## Task statement
Take the line with "Casale 4 locali di 210 m² in Bettona (06084)" as the first and the last line of the data as the end. Write out both and every line between exactly, except pictures.

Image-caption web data
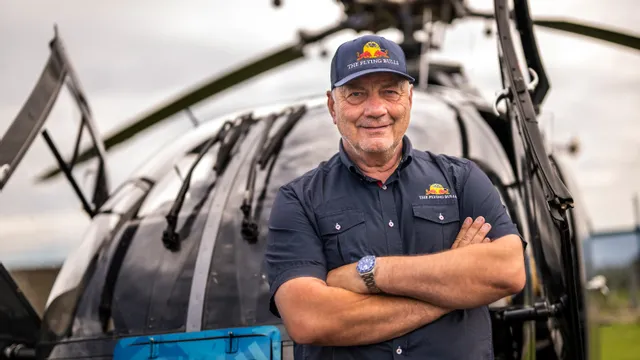 00_header_siegfried_schwarz_ehemaliger_chefpilot-helikopter_the_flying_bulls.jpg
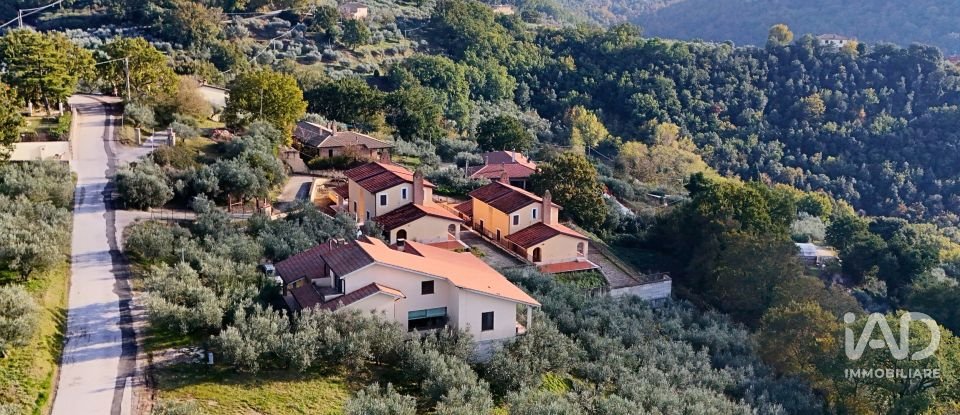 Casale 4 locali di 210 m² in Bettona (06084)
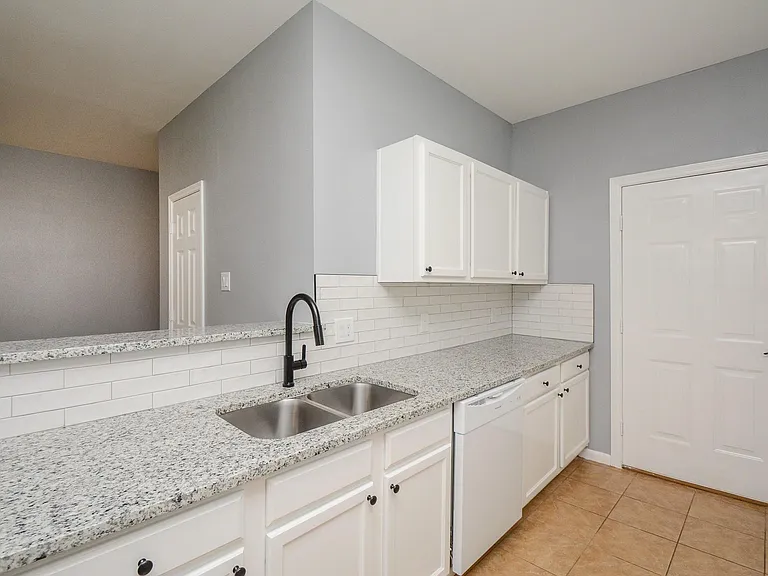 6418 Waldron Dr #B — Photo 4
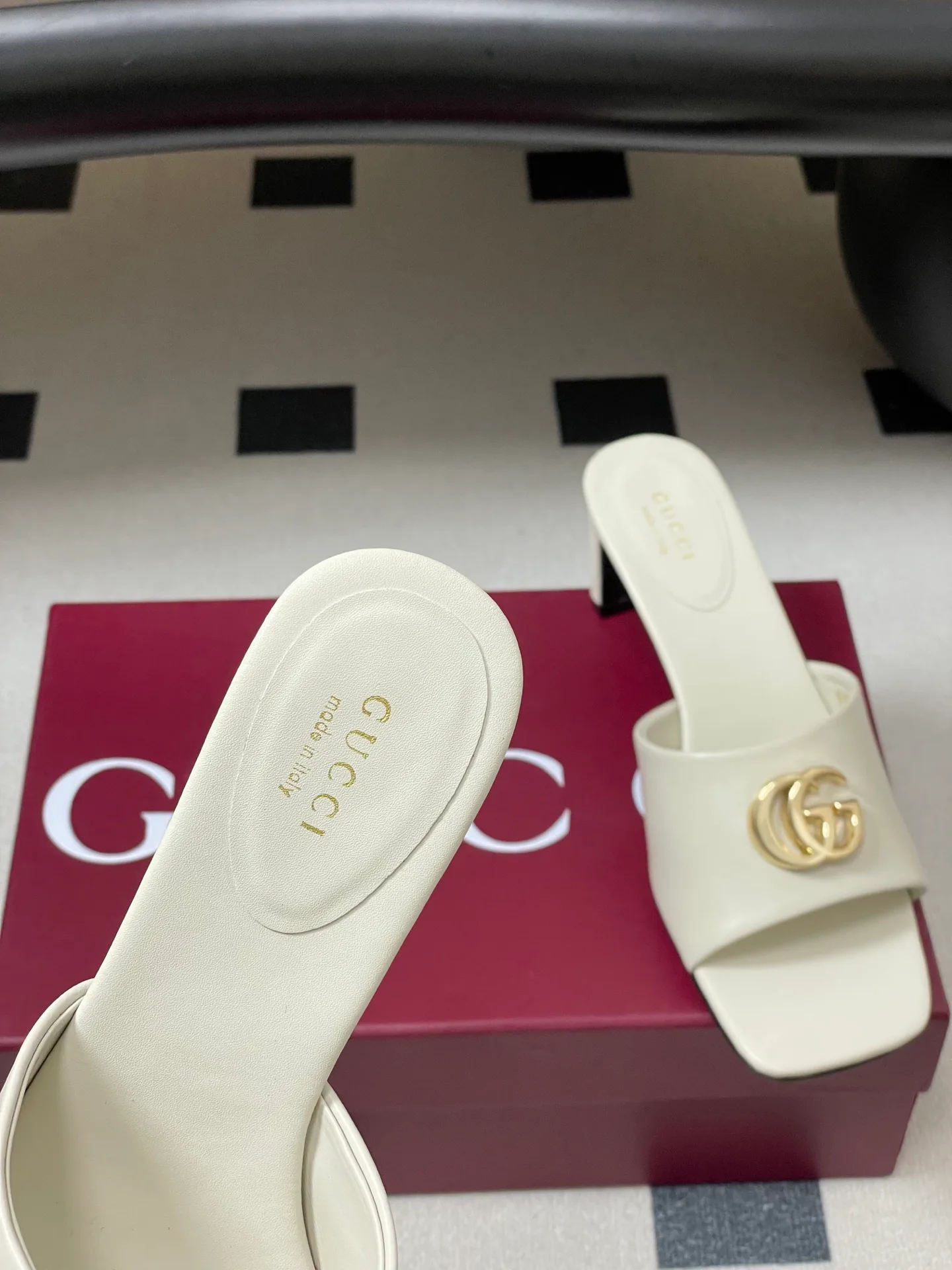 Босоножки Женские Gucci 10395322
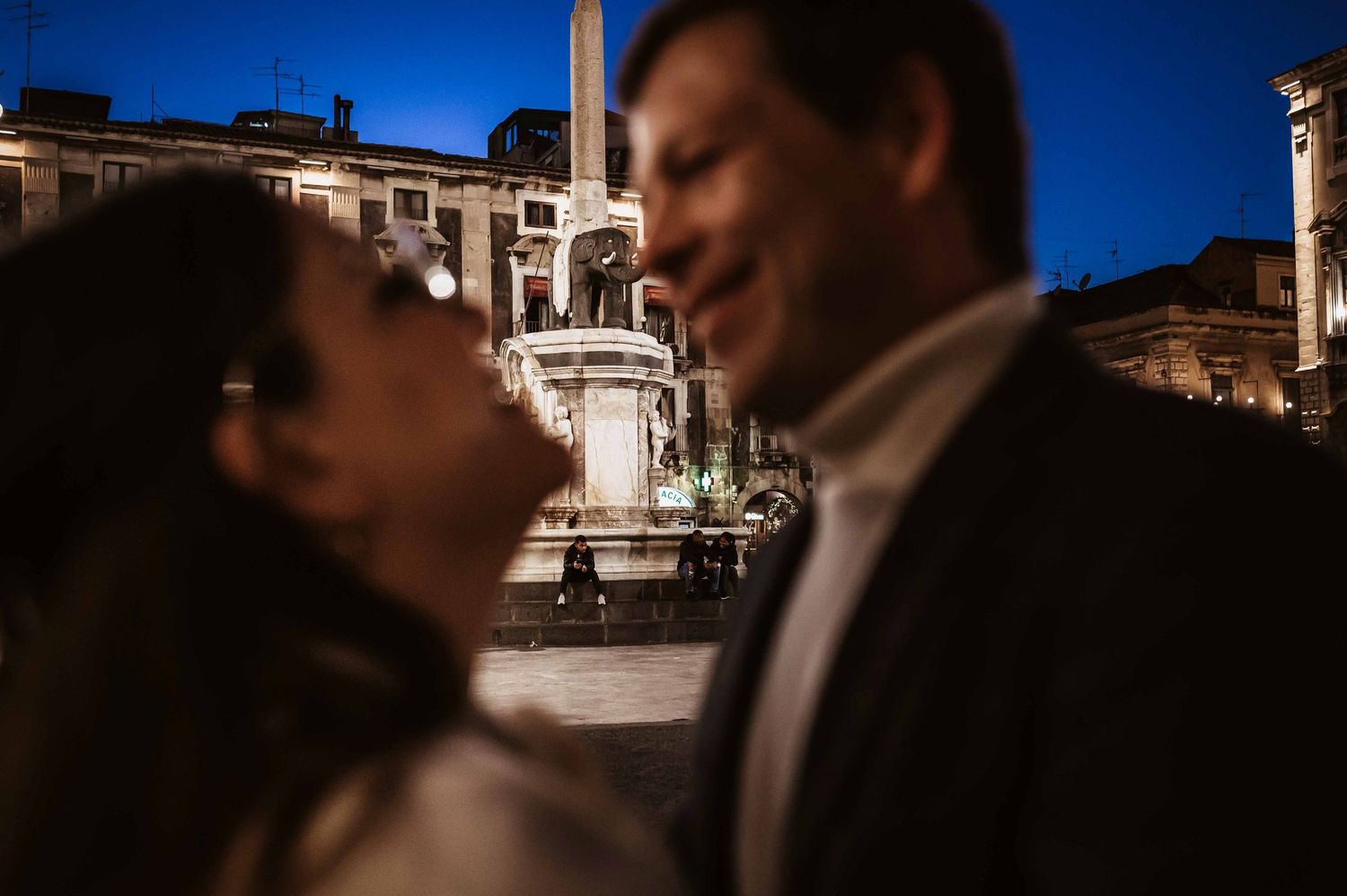 Couple in Piazza Duomo, Catania, at dusk — vacation photographer in Sicily
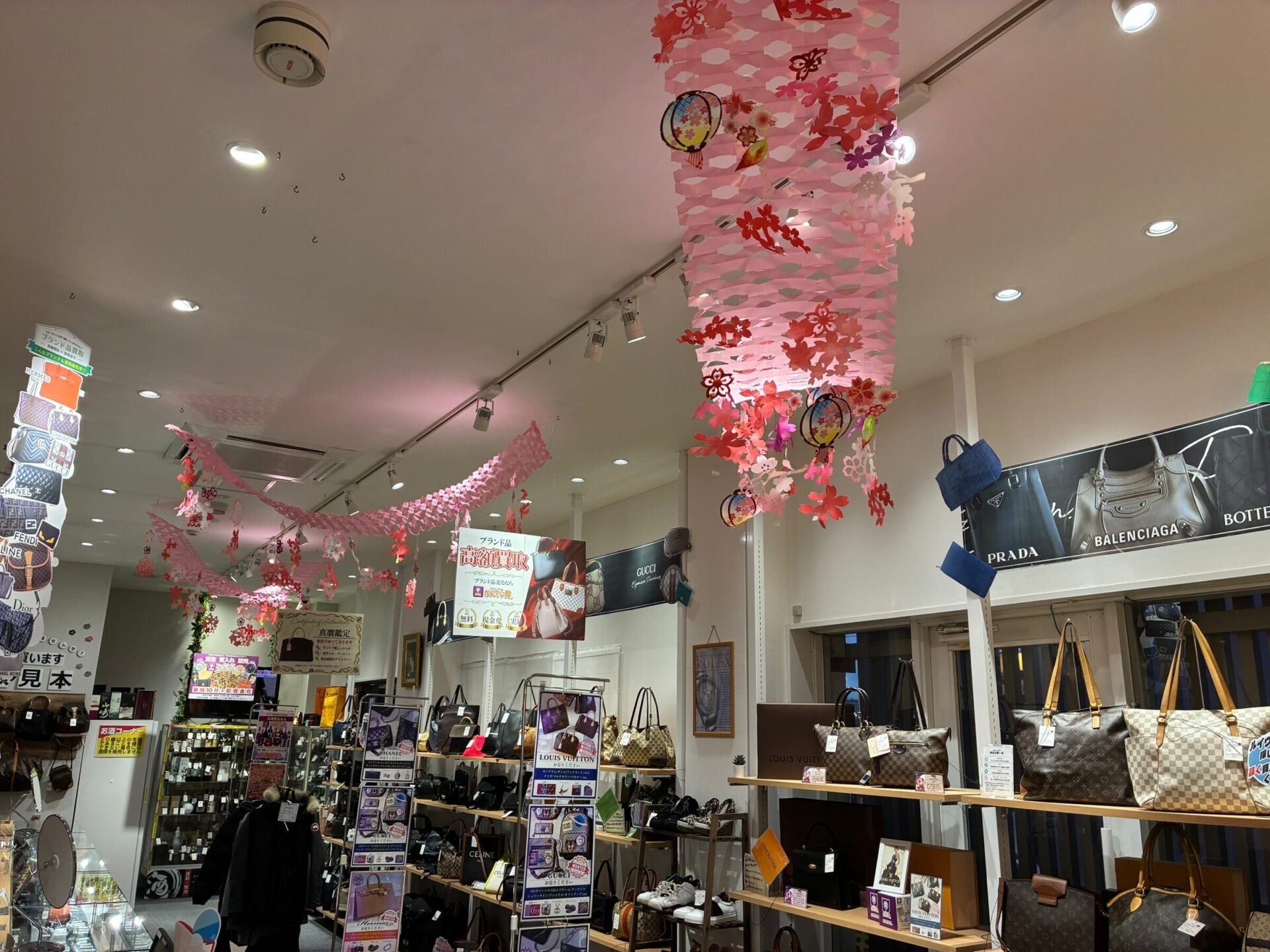 泉区最大の質屋｜質屋かんてい局 仙台泉店｜リサイクルショップ・買取・融資・販売・修理 ギャラリー画像10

## Output for this task
 Casale 4 locali di 210 m² in Bettona (06084)
 6418 Waldron Dr #B — Photo 4
 Босоножки Женские Gucci 10395322
 Couple in Piazza Duomo, Catania, at dusk — vacation photographer in Sicily
 泉区最大の質屋｜質屋かんてい局 仙台泉店｜リサイクルショップ・買取・融資・販売・修理 ギャラリー画像10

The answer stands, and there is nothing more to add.